Put with painful generalization, where coming from Europe might make Istanbul look more Middle Eastern, coming from Cairo makes them look a lot more European. What follows are some impressions:
Turkey: For a lot of commentators, I think, Turkey is a lesson in what Egypt once aspired to be: European, cosmopolitan, and enforcedly secular in the public, and especially urban, realm. Turkey’s clean cobblestones and obsessively maintained tourist attractions sometimes seemed in direct antithesis to the dusty, decaying quality of Cairo’s inner-city tourist sites, so decried by the Americans and upper class Egyptians I have met here. The Turkish middle class seems to dominate the capital city while in Egypt, a country with barely any middle class, the elite are fleeing to suburbs in the desert and the poorer classes are left to the historic Cairo, the object of scorn for tourists who wish the mosques were better kept and the streets were cleaner. The face of Turkey’s national icon, Mustafa Kemal (or Ataturk, father of the Turks) is found in every restaurant and pub, on plates and mugs and lighters, and even carved into a cliff in Izmir. In Egypt, Nasser and Mubarak’s faces are certainly quite visible, but it feels forced, uncelebrated, and cold, and the Pharoahs are clearly the objects of pride. I have no ability to historicize why these two countries have followed such different trajectories, and comparison can be as useless as it is appealing, but nevertheless it was fascinating to see how they are compared by tourists, backpackers, and other visitors whose impressions mold our impressions of Middle Eastern countries in Europe and the U.S.

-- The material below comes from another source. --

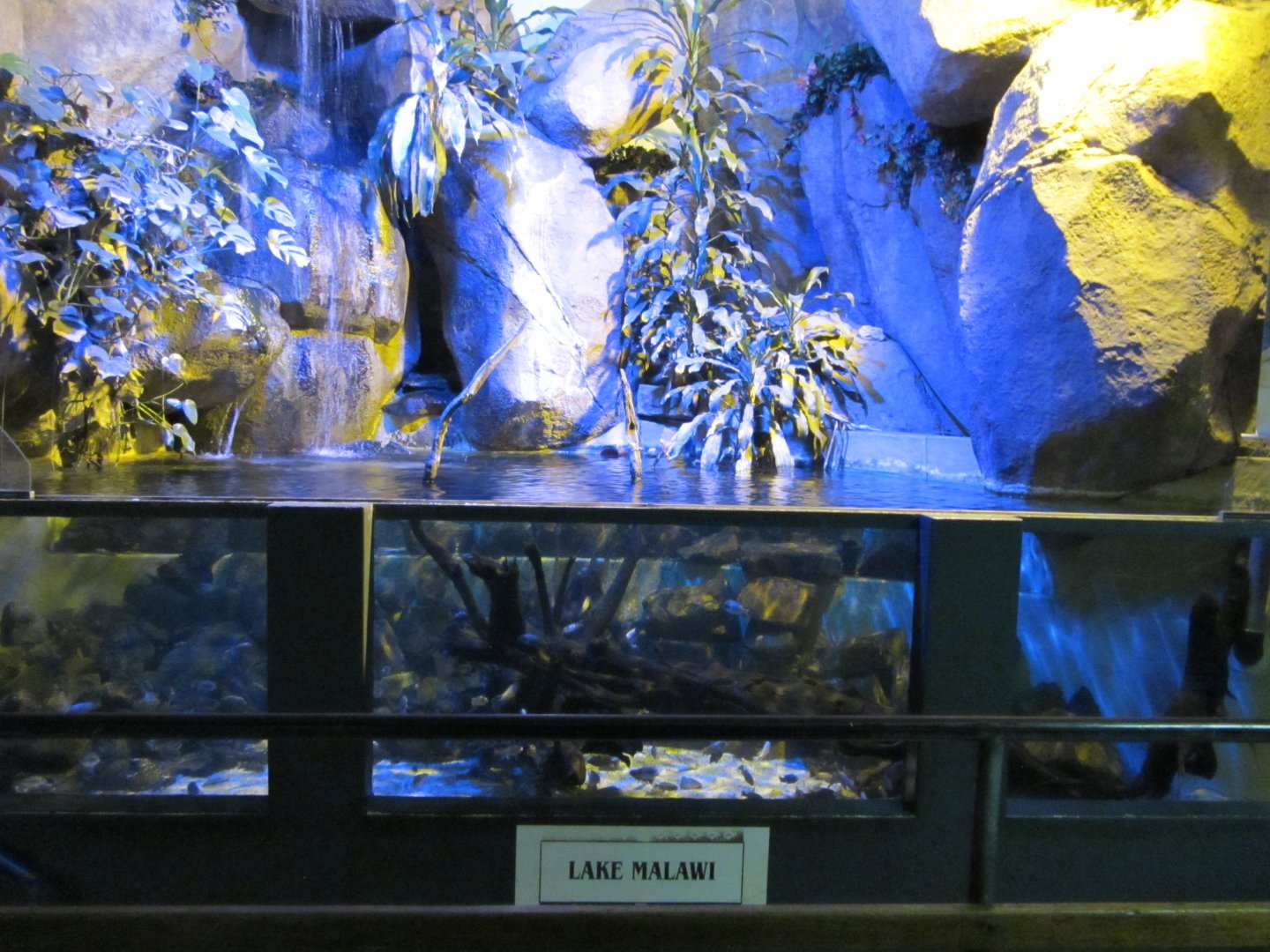 Lake Malawi Cichlid Display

Israel, Palestine: My traveling friend Caitlin and I floated between the two cities that are often used to show the main disjuncture in Israel society of secular and religious identity; respectively, Tel Aviv and Jerusalem. In the latter, where I had lived last Summer, I was struck by her question of “when are we going to meet any Israelis?” because from the border guard to the average Old City wanderer, nearly every voice emitted clean, unaccented American English. Much of Jerusalem, at least on an impressionistic level, has literally been overtaken by Americans who claim it as their own.
In Tel Aviv, on the other hand, we witnessed the form taken by the national sanctification of the Holocaust, as on 10am on Yom HaShoah (Holocaust Rememberance Day), every Israeli stands deadly still for two minutes as air raid sirens fill the air.
While these cities seemed so different, they were unified for the both of us by our one day in Ramallah. As I learned last summer, going to the West Bank shows how Israel, for all its diversity and inclusiveness for American Jews, is made possible by exclusion. Qalandia checkpoint, separating Ramallah and Jerusalem and described by Caitlin as deeply dehumanizing, reminded us that all thriving developed nations need to keep someone out for various reasons, and this both mars and complicates their romantic, rich diversity. In Turkey this is certainly true. In Egypt, however, this is not the case and I look forward to exploring how the complicated way inclusion and exclusion play out here.